(Beginning of Supplied material)

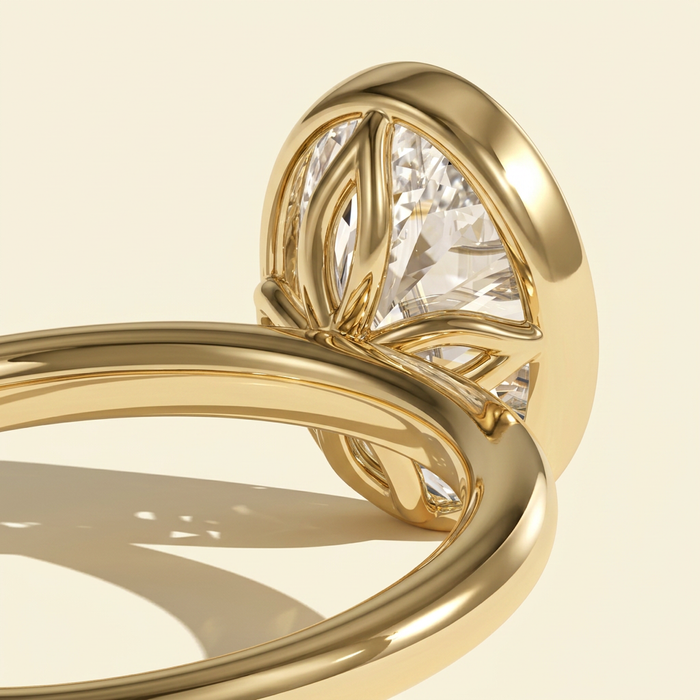 The Kelia - Oval Lab Grown Diamond Bezel Solitaire with Petal Gallery Setting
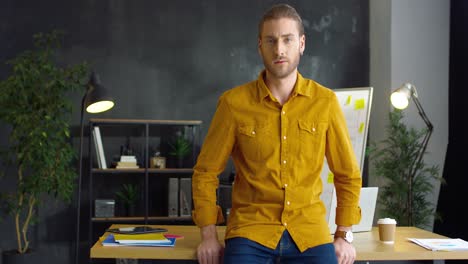 Young-Handsome-Man-In-Yellow-Shirt-With-Crossed-Hands-Looking-At-Camera-With-Serious-Face-In-The-Office-1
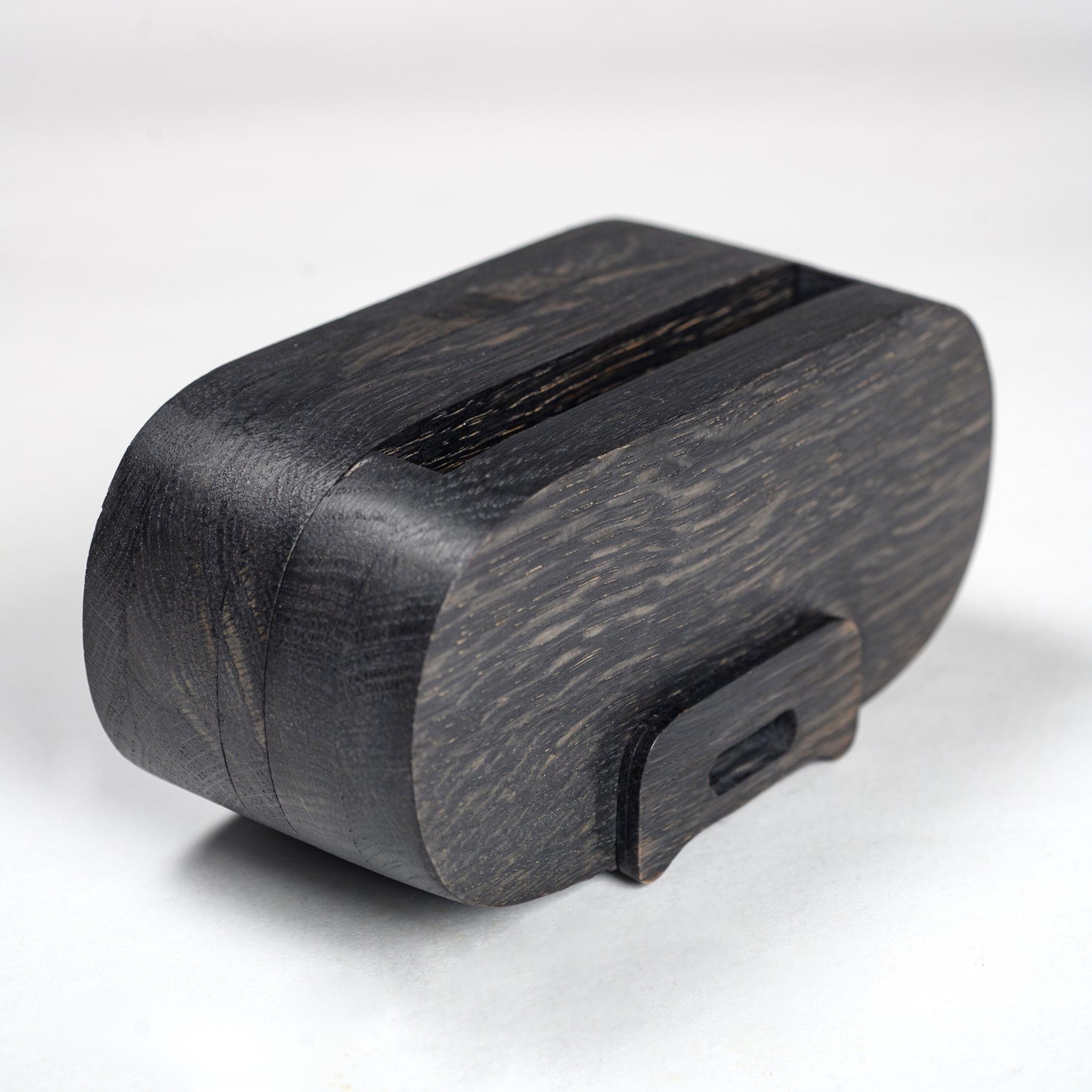 Compact wooden phone speaker with amplifier effect, perfect desk organizer and gift.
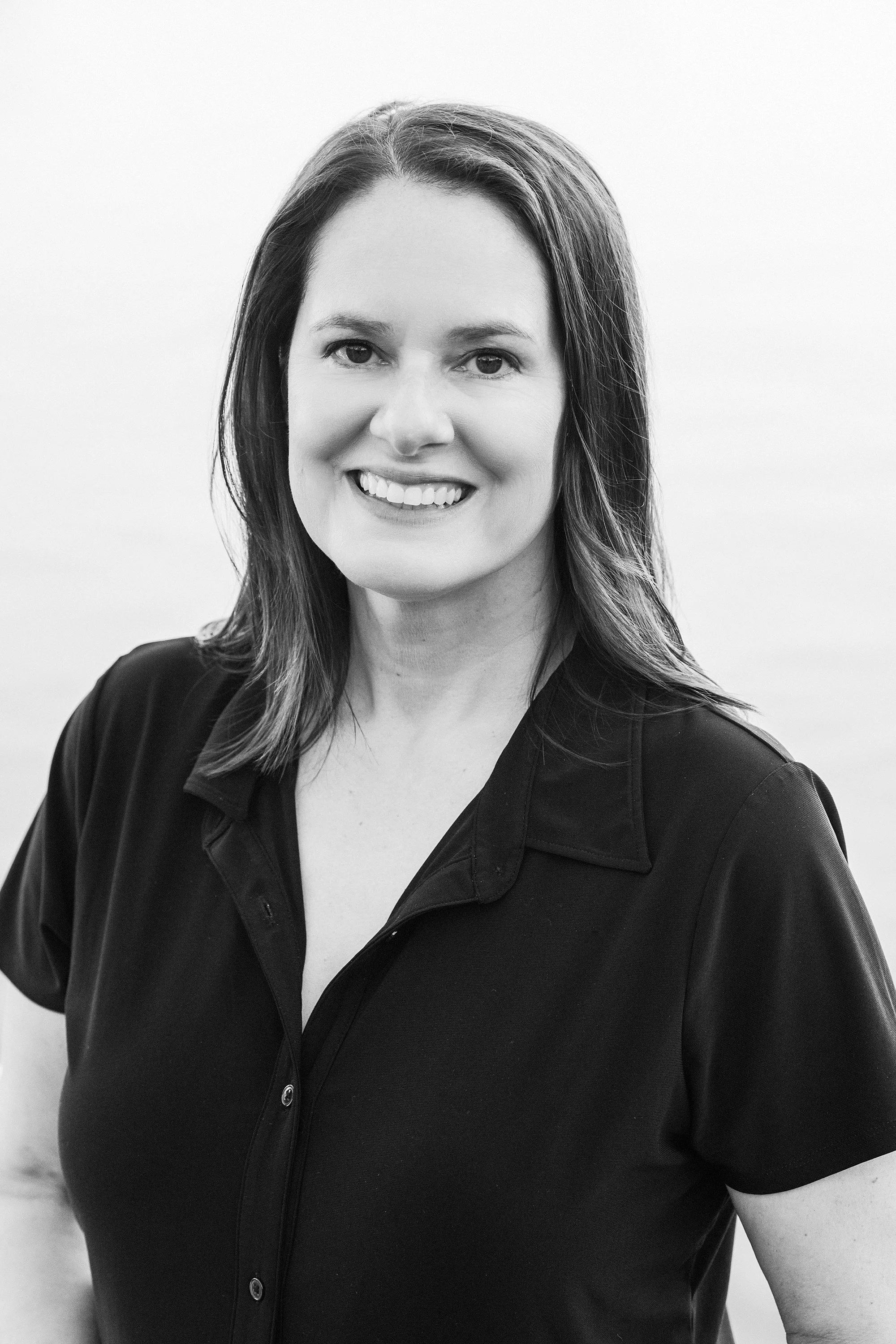 A woman with shoulder-length hair smiling, wearing a dark button-up shirt, in black and white.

(End of Supplied material)

▶ **Your objective**: Output each line above exactly as it stands, omitting the pictures.

▶ **Written solution**:
 The Kelia - Oval Lab Grown Diamond Bezel Solitaire with Petal Gallery Setting
 Young-Handsome-Man-In-Yellow-Shirt-With-Crossed-Hands-Looking-At-Camera-With-Serious-Face-In-The-Office-1
 Compact wooden phone speaker with amplifier effect, perfect desk organizer and gift.
 A woman with shoulder-length hair smiling, wearing a dark button-up shirt, in black and white.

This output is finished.